Dvc: Support IPFS, DAT, or other distributed storage

Created on 22 Jul 2018 · 7Comments · Source: iterative/dvc

Having an option to share data files in a peer-to-peer way is probably a good idea. It eliminates the need to pay for external services, and scales much better in the "public open project" situation (where lot of cloners would mean substantial S3 costs).

IPFS is probably the easiest to support here, together with DAT. Using BitTorrent directly seems complicated.

feature request help wanted p3-nice-to-have

Source

remram44

👍7

Most helpful comment

Are there any plans to implement this? @remram44 @dmpetrov
Would a contribution still be valued?

Also I can see further applications in the field of scientific reproducibility and general public data sharing.

flxai on 18 Dec 2019

👍2

All 7 comments

Hi @remram44 !

Great idea, thank you! If you wish to implement support for some of those, please feel free to take a look at dvc/remote/ directory in our project, where all current remote drivers are implemented. To support data pulling/pushing, you would only need to implement download(), upload() and exists() methods, so it should be pretty easy. We will be happy to merge any proper pull request :slightly_smiling_face:

A current workaround for that would be to just pack your .dvc/cache directory and share it with others using any P2P protocols you'd like, including bittorrent :slightly_smiling_face:

Thanks,
Ruslan

efiop on 22 Jul 2018

Indeed this looks easy to add. I don't have the cycles to attempt this now, but I might try in the future.

remram44 on 22 Jul 2018

❤1

The idea of storing data in p2p\blockchain looks very appealing. We develop DVC based mostly on our industrial data science experience where p2p is not a big part of this industrial environment. But it might become soon! Recently, I got another request (not in GItHub) regarding denet.pro dApp for storing data for DVC.

It would be great to understand this p2p datasets landscape:

who uses these tools for storing datasets for ML?
what types of ML projects: deep NN for image, NLP, academia analitical projects ...?
what are use cases: storing common data sources, project results, all data derivatives?
what are the most common protocols in this space and difference between them?

If there is a demand we can definitely implement this.

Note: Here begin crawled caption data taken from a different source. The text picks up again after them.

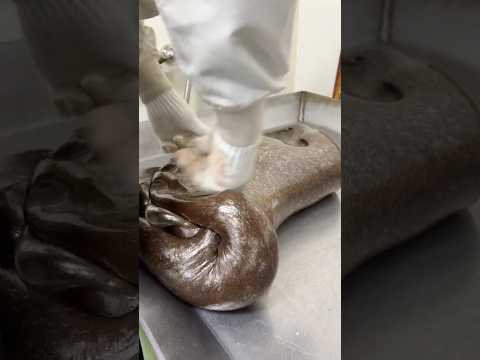 飴づくり How to make candy 珈琲飴の作り方③ #candy #和菓子 #coffee #珈琲飴 #コネコネ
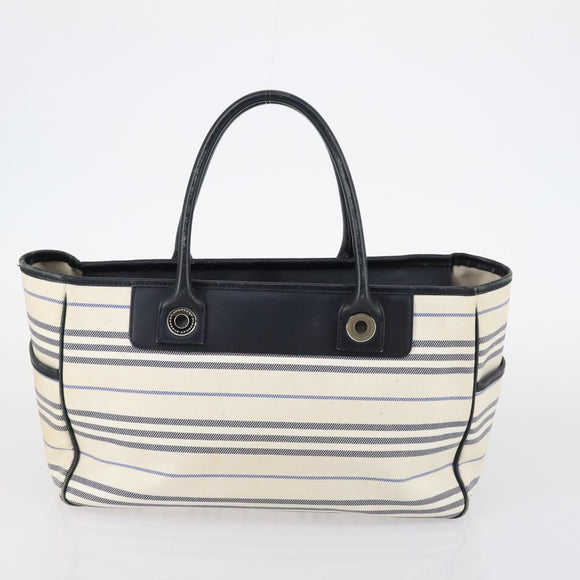 BURBERRY Nova Check Shoulder Bag Canvas Leather 3Set Black beige Auth yk19390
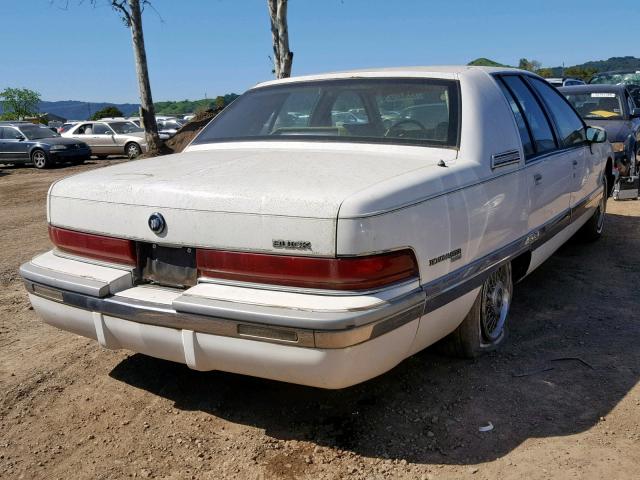 1G4BT5378NR423705 - 1992 BUICK ROADMASTER WHITE photo 4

@remram44 please let me know if you use this kind of storages. I would really like to discuss what are use cases and your thoughts. Or if you can connect us to other users or the tool\protocol creators.

dmpetrov on 22 Jul 2018

👍1

I'm thinking about the case where you make a analysis public, e.g. publish it on GitHub. Having everyone download from your S3 bucket would incur charges, hosting it on some box in your lab would provide very limited bandwidth. Peer-to-peer solutions would scale nicely.

remram44 on 23 Jul 2018

👍2

Are there any plans to implement this? @remram44 @dmpetrov
Would a contribution still be valued?

Also I can see further applications in the field of scientific reproducibility and general public data sharing.

flxai on 18 Dec 2019

👍2

@icks No such plans from the core team, at least for now. Would appreciate if you could share your thoughts on this and in which scenarios you would like to use it. Contributions are always welcomed, feel free to give it shot. Ping us here or on discord if you need any help 🙂

efiop on 18 Dec 2019

@icks it would be a good addition indeed. Unfortunately, it would take a while for the core team to prioritize this like @efiop mentioned :( We would really love for the community to do a contribution in this case and we can provide all the support and help on this.